Эти заметки будут недописаны без двух частных случаев. Есть на юге Украины город Николаев. Там когда-то, до конца 80-х, жил художник Роман Вайншток. Его женские образы нескрываемо тяготели к идеалам Боттичелли. Когда его не стало, в мастерской открылась большая картина: 2x1,5. Тем, кто вошел, предстало зрелище карнавала чудовищного: процессия масок, гипертрофированных обжор и уродцев шла улицами оцепеневших городов. И вдруг вошедшие - друзья и близкие - стали узнавать под этими масками себя. Тут были и гротескные портреты, и жесты сострадания. В этом колышущемся потоке я обнаружил и себя: небольшого растерянного человека, не знающего свой путь и плетущегося машинально за этими чудовищами.
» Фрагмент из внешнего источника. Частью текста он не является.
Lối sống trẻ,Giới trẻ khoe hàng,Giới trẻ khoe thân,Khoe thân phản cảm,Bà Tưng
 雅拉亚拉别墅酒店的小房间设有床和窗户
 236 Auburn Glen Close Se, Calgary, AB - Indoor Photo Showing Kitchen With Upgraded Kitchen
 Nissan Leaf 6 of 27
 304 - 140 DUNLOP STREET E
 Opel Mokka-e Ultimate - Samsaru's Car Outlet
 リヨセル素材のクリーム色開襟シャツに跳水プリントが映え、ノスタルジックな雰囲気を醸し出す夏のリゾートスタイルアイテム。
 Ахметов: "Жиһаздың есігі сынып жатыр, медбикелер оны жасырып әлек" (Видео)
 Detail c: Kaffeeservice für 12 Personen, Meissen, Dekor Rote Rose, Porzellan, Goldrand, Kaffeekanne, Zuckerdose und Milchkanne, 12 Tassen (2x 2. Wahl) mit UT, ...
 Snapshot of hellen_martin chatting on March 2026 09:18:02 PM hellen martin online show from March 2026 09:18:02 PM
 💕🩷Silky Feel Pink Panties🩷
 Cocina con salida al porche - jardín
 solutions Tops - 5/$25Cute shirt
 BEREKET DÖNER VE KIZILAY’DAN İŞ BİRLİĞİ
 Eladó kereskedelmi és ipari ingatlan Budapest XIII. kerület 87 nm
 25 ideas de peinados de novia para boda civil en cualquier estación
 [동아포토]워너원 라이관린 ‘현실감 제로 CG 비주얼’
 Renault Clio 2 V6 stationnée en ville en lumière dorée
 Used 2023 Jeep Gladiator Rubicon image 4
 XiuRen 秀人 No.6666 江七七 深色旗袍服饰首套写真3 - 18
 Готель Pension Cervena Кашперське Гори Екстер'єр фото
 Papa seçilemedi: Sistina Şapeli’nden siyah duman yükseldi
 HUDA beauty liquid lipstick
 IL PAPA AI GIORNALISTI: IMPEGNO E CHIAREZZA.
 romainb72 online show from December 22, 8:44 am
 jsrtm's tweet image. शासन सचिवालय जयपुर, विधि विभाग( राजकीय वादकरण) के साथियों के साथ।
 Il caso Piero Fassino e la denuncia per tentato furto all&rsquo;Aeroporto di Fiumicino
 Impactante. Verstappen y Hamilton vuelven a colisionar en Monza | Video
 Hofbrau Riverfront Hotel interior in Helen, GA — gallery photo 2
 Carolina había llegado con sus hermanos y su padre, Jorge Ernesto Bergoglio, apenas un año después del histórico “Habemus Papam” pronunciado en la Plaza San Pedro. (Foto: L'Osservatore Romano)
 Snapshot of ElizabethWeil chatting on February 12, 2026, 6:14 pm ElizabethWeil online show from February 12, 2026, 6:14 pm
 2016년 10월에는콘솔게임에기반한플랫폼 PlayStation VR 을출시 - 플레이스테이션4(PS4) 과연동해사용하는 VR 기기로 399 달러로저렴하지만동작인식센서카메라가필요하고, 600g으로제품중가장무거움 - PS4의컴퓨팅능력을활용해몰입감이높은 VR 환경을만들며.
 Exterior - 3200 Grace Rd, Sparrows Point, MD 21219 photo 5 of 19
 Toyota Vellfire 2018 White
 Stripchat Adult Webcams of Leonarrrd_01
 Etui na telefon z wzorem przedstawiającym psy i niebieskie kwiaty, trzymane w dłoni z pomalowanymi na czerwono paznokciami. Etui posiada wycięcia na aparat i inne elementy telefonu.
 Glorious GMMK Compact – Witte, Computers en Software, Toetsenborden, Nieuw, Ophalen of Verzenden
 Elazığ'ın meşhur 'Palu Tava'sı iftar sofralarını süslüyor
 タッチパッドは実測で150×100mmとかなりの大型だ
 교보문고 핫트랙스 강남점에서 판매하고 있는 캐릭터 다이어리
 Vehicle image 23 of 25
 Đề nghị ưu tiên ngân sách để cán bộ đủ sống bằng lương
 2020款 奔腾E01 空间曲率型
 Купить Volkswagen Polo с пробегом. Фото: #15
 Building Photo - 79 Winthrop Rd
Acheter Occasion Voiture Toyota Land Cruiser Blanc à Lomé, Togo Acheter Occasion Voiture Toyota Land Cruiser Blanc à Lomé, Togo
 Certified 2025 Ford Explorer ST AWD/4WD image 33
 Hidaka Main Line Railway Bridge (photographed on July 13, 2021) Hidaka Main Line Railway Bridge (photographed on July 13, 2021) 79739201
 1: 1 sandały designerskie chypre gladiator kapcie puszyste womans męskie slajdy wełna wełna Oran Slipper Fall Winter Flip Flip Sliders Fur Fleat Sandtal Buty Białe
Это был прощальный удар художника, который удостоился только посмертных выставок.
Другой художник, Александр Махервакс, "преуспевающий": писал в мастерских Худфонда лозунги и портреты членов политбюро. Они получались у него величайшими гуманистами. За это ему - не члену Союза художников - изредка позволяли выставлять свои натюрморты. Однажды на "отчетной выставке" я увидел его непривычный по скупости цвета и ясности решения "объект": это был грозный, ощетинившийся, не подпускающий к себе и отвергший все цветок алоэ. Он точно провозглашал: "НЕ ПРИНИМАЮ!" Я видел, как члены выставкома, не глядя друг другу в глаза, не решаются ни снять, ни оставить. Но подошел инструктор горкома и сказал: "Ух ты, какой сердитый цветок!" И все захохотали. И оставили, и поспешно отошли.
Все это опыты горестного отклика, гротескного жеста, эпатажной отваги. Может быть, этого порой и недостает современному искусству.